Fantasia in G Major, BWV 572

Johann Sebastian Bach

Born: March 21, 1685, Eisenach, Germany

Died: July 28, 1750, Leipzig, Germany

Composed: c. 1703-1707

Original Instrumentation: Pipe Organ

Arranged: 1957, Richard Franko Goldman and Robert L. Leist

Duration: 7 minutes

The great G Major Fantasia for organ was composed between 1703-1707 during Bach’s residence in Arnstadt. It was here, at the beginning of his career, that his music was found by the Consistory to be too full of “wonderful variations and foreign tones.” Certainly, the Fantasia is strikingly dissonant in its constant texture of suspensions, but the breadth of the five-part polyphonic writing and the richness of the harmonic sonority make the Fantasia one of the grandest of all Bach’s compositions for organ.
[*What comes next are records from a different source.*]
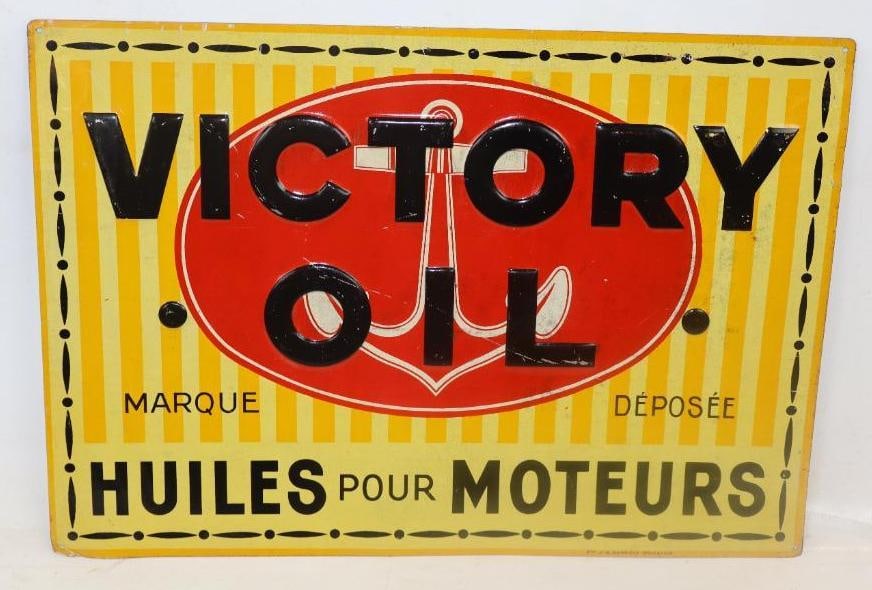 Embossed Victory Engine Oil Single Sided Tin Tacker Advertising Sign (1 of 5)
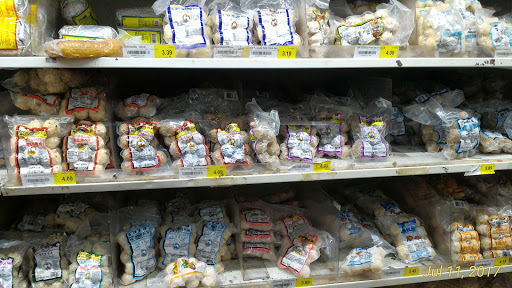 Asian Grocery Store «Hoa Binh Pomona Super Market», reviews and photos, 1093 E Holt Ave, Pomona, CA 91767, USA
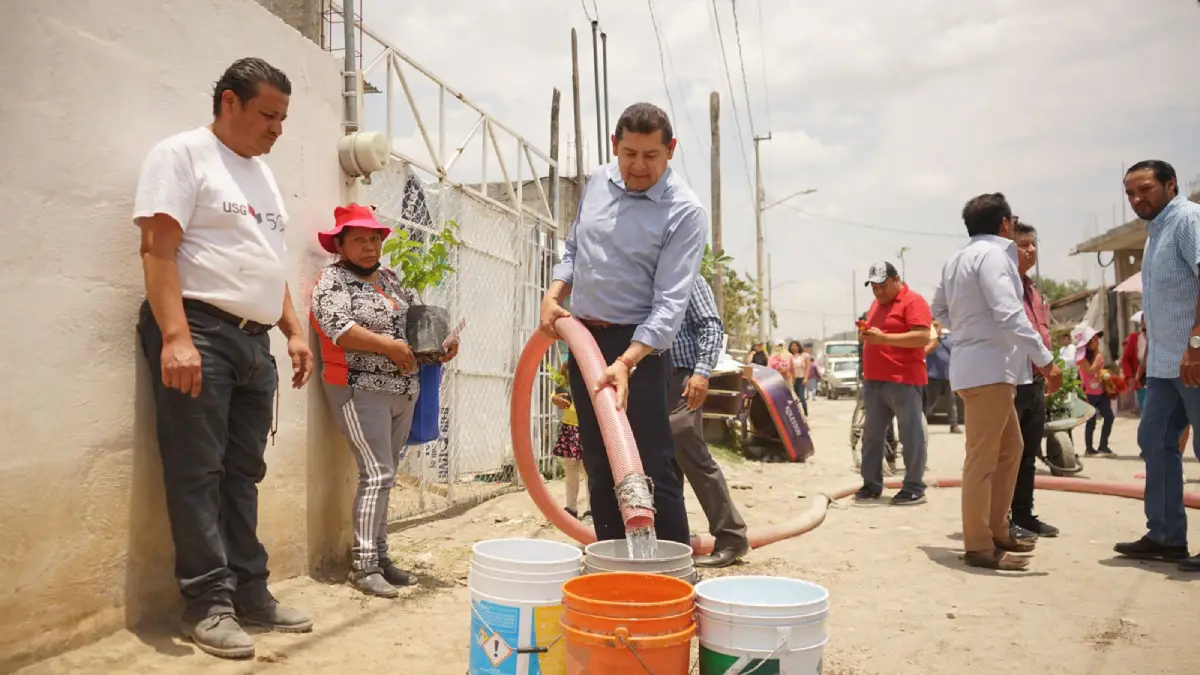 Las necesidades sociales, como la escasez de agua, se atienden con prontitud y cercanía: Armenta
It is also one that lends itself most perfectly to the sound and sonorities of the modern wind band.

The transcription by Richard Franko Goldman and Robert L. Leist was undertaken as a memorial to Edwin Franko Goldman, who was the first bandmaster to include the works of Bach regularly in the band’s concert repertoire, and who did so much to introduce the music of this great master to wide popular audiences. In the transcription, an attempt is made to recapture the sound of the Baroque organ through the medium of the modern band. The first performance of this transcription was given by the Goldman Band, Richard Franko Goldman conducting, on July 1, 1957.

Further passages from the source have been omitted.